Diagram of the method used to decorrelate speech stimuli. Each sentence was divided into segments of equal duration. Each segment was then Fourier transformed, yielding separate amplitude and phase spectra. The phase and amplitude spectra were then independently decorrelated relative to the original by a specific amount. Segments were then inverse Fourier transformed, and concatenated in their original temporal order to form a degraded sentence.
https://doi.org/10.1371/journal.pone.0180734.g001
We paired each of the 3 amplitude-spectrum correlation values (0, 0.5, 1) with each phase-spectrum correlation value (0.4, 0.6. 0.8, 1), creating 12 unique (amplitude x phase) conditions. Based on pilot data we determined that these values would be most informative for investigating intelligibility as they provided a wide range of performance levels. Because we were particularly interested in looking at the effects of the phase spectrum, as it has not been studied as extensively as the effects of the amplitude spectrum on intelligibility, we selected a greater number of phase spectrum values. Our pilot study showed that the lower bound of 0.4 for phase-spectrum correlation is adequate since participants were unable to identify any words when the phase-spectrum correlation was below this value. All stimuli were played through HD380 Pro Sennheiser headphones at a sampling rate of 22.05 kHz at an average level of approximately 70 dB SPL (A weighted) measured using a 6-cc coupler, 0.5-inch microphone, and a Precision Sound Analyzer (Brüel & Kjær, Model 2260).
Procedure
Sentences from the HINT database were randomly assigned to each condition and presented to participants in a random order. No sentence was presented more than once per participant. Each subject participated in only one of the three temporal window condition (30 ms, 250 ms, or full length sentence), resulting in a 3 (amplitude correlation) x 4 (phase correlation) x 3 (time window size) mixed-measures experimental design. Five subjects were assigned to each of the three temporal-window conditions, and each subject participated in one experimental session which comprised two blocks of 60 trials that lasted approximately 30 minutes. This resulted in 10 sentences (~40 words) per condition.

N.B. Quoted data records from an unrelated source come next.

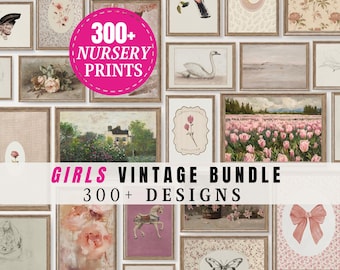 Pink Girl Nursery Bundle Set of 300+ Gallery PRINTABLE Baby Girl Wall Art Collection Floral Art for Nursery Decor Baby Shower Gift | S1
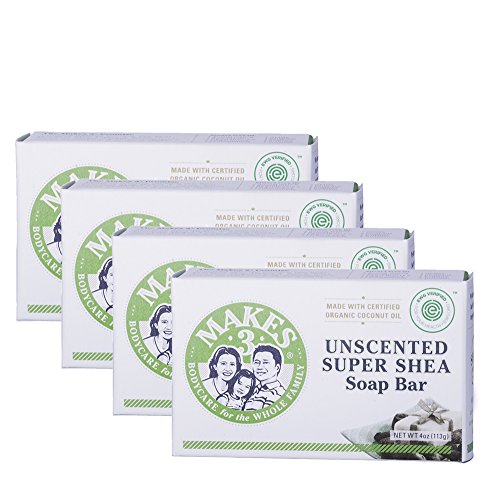 Product Cover Organic Shea Butter Soap Pack - 100% Handcrafted Organic Soap - Anti-aging for Dry Skin and Eczema - Prevents Wrinkles, Sagging Skin, Age Spots - Promotes Healthy Complexion (4 Organic Soap Bars)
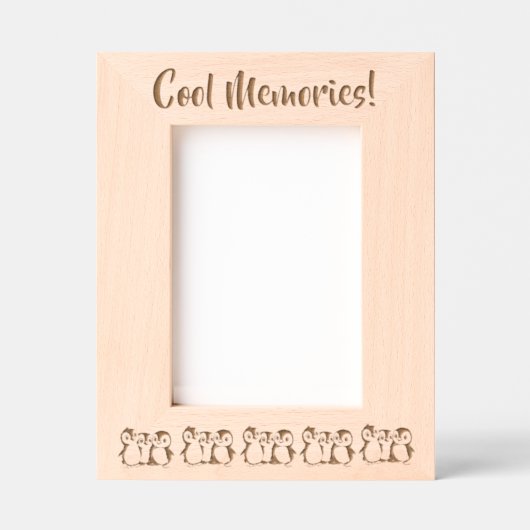 Custom Little Pinguine, Winter, 5 x 7" Portrait Geätzte Rahmen (Vorderseite)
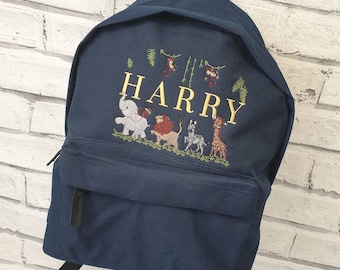 Personalised Toddler Safari Rucksack, Embroidered Safari Backpack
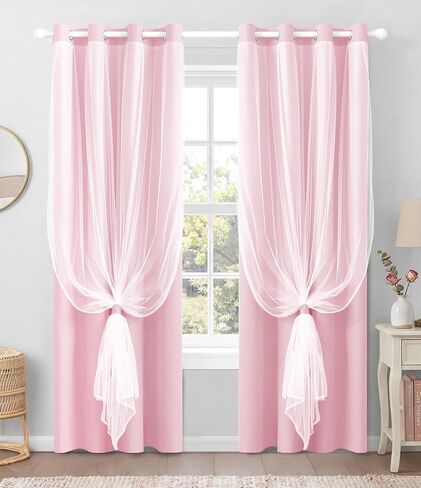 100% Blackout Curtains with Sheer Overlay, 2 Panels Thermal Insulated Double Layer Grommet Drapes for Girls Bedroom Living Room Darkening Apartment Windows Decor, 52" W x 84" L, Pink in Kuwait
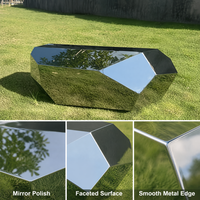 Sculpture géométrique en acier inoxydable sur mesure de haute qualité, adaptée aux espaces commerciaux et aux jardins extérieurs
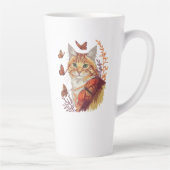 Kat met monarchvlinders latte mok (Rechts)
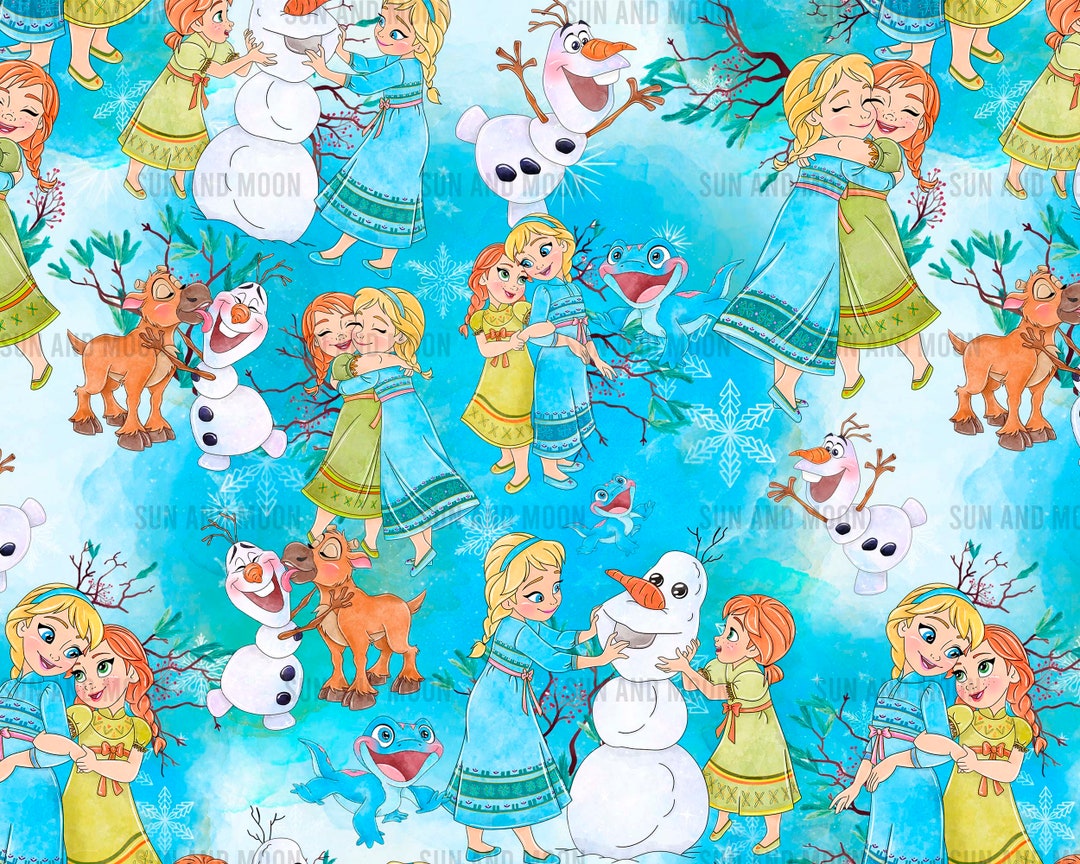 Frozen Sublimation File, Frozen Digital Paper, Frozen Seamless Pattern ...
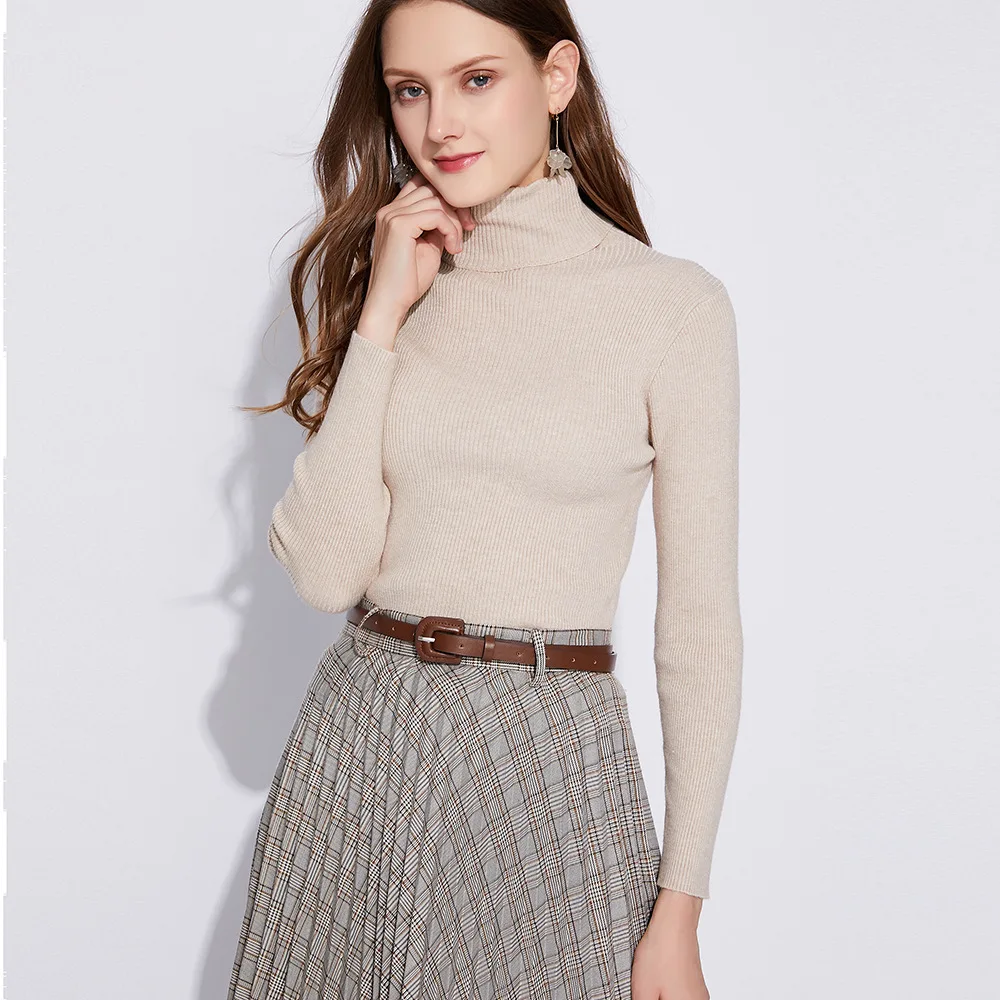 Свитер женский осенне-зимний вязаный с высоким воротом | Женская одежда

The experiment was conducted in a double-walled anechoic chamber (Industrial Acoustics Company). Participants were seated at a computer and instructed to listen to each sentence and type as many words as they could understand, ignoring punctuation. Because sentences are semantically meaningful, it is possible that context may provide some cue to word identification. However, use of sentence material to study intelligibility under acoustically degraded conditions is standard practice as such sentences (instead of isolated words) are the type of stimuli most encountered in natural settings. The HINT corpus for example has been used in hundreds of speech intelligibility studies. In addition, subjects were instructed to report words that they were confident about even if it did not make sense semantically because a participant may have misheard an earlier word in the sentence.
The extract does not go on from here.